El criterio de legitimidad de las decisiones políticas que adopta la
democracia deliberativa es entonces procedimental, puesto que las
decisiones políticas son legítimas si, y sólo si, son el resultado de un
proceso deliberativo y democrático de toma de decisiones. Sin embargo, el
modelo deliberativo añade un componente argumentativo que sirve de filtro
de imparcialidad de las preferencias individuales e impone así, de facto,
restricciones sustantivas, y además orienta el proceso de toma de
decisiones a una finalidad epistémica diseñada para reducir en la medida de
lo posible el riesgo de injusticia en las decisiones. Una decisión que ha
sido democráticamente deliberada, al menos en condiciones ideales,
respetará tanto los criterios procedimentales de legitimidad como los
sustantivos, y no podrá ser injusta. El ideal de democracia deliberativa
pretende evitar así los males tanto de las concepciones sustantivistas de
la legitimidad como de las concepciones procedimentalistas.

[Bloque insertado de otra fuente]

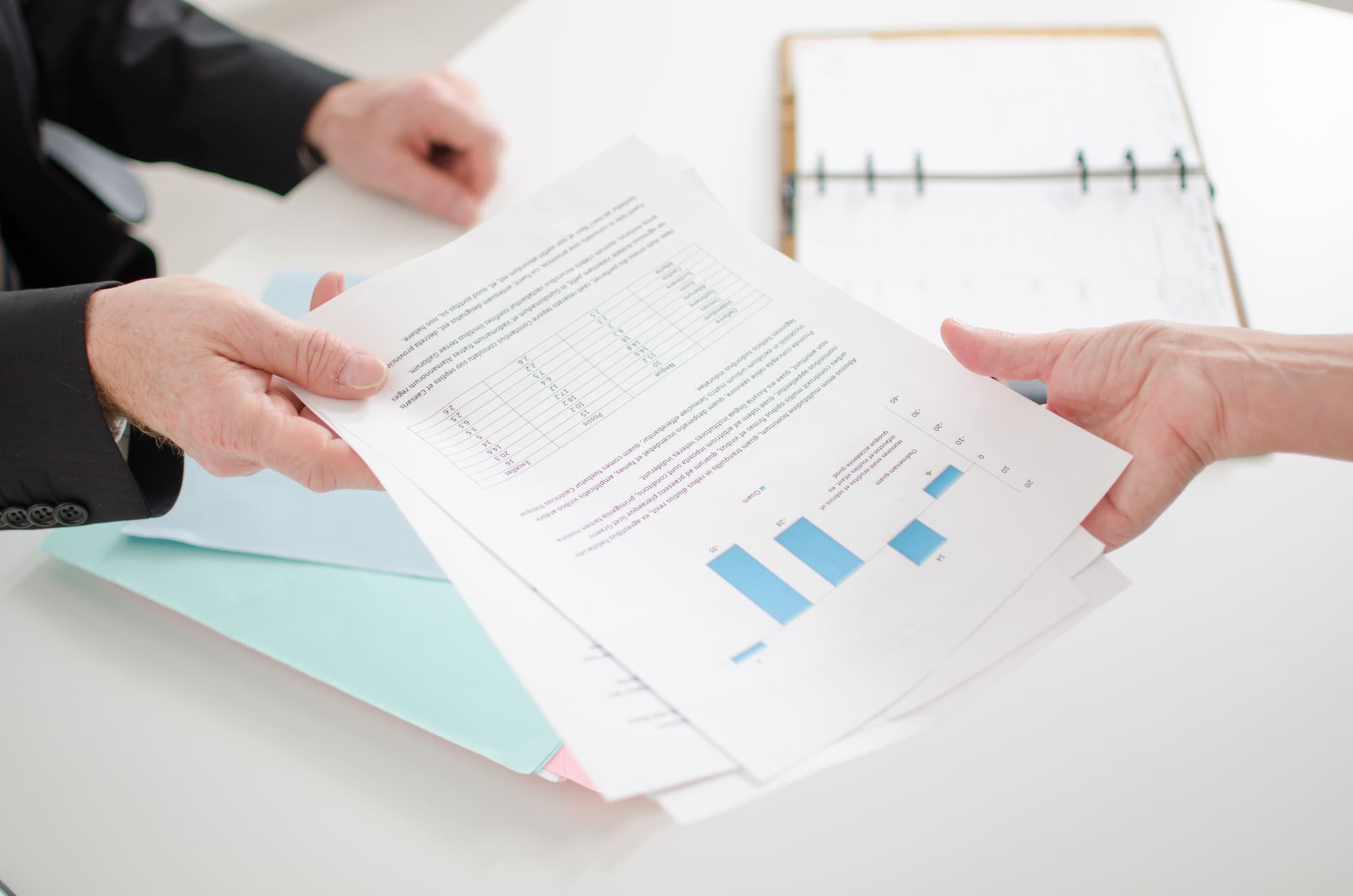 引越し時の追加サポート資料をイメージする、グラフや文字が書かれた書類を交換する二人の手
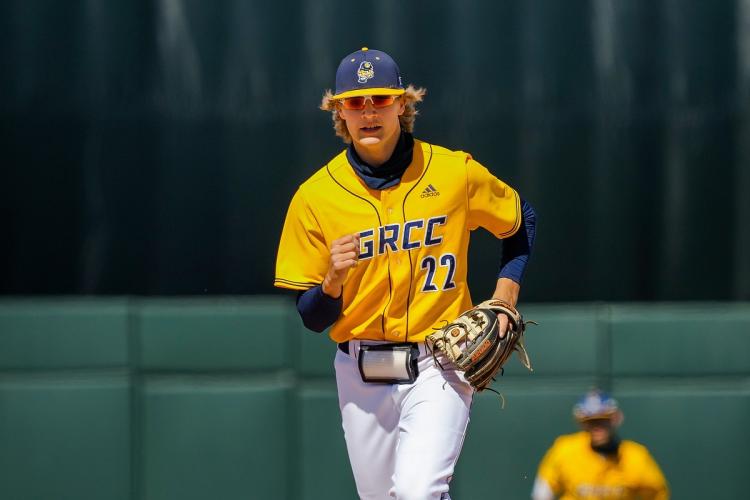 GRCC baseball player running on the field.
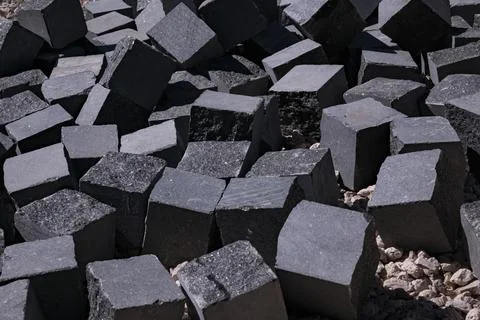 Pile of grey granite cobblestone blocks for paving at construction site Stock Photos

Ahora bien, lo dicho puede ser cierto con respecto a las decisiones
que resultan de un procedimiento ideal, pero no tiene por qué serlo con
respecto a las decisiones reales para las que al fin y al cabo necesitamos
una concepción de la legitimidad. El hecho de que los procedimientos
deliberativos reales no alcancen completamente las condiciones exigidas por
el ideal regulativo de la democracia deliberativa hace que no garanticen la
corrección sustantiva de sus resultados. En este sentido, no puede decirse
que la democracia deliberativa resuelva realmente la paradoja de un modo
definitivo. De hecho, y como he señalado al inicio del trabajo, en mi
opinión la paradoja de la legitimidad es inevitable, indisoluble, porque no
existe ningún procedimiento real que pueda armonizar perfectamente los
valores procedimentales con los sustantivos. Se trata, pues, de una genuina
paradoja del pensamiento democrático.[38] Si admitimos que la paradoja de
la legitimidad es indisoluble, y teniendo en cuenta que de todos modos
debemos afrontarla o gestionarla en la realidad, tendremos que buscar
aquella estrategia que suponga la mejor conciliación práctica entre los
diversos valores en juego. En otras palabras, no debemos exigir a una
propuesta teórica que solucione completamente el problema, pero sí que
ofrezca la mejor alternativa para convivir con él.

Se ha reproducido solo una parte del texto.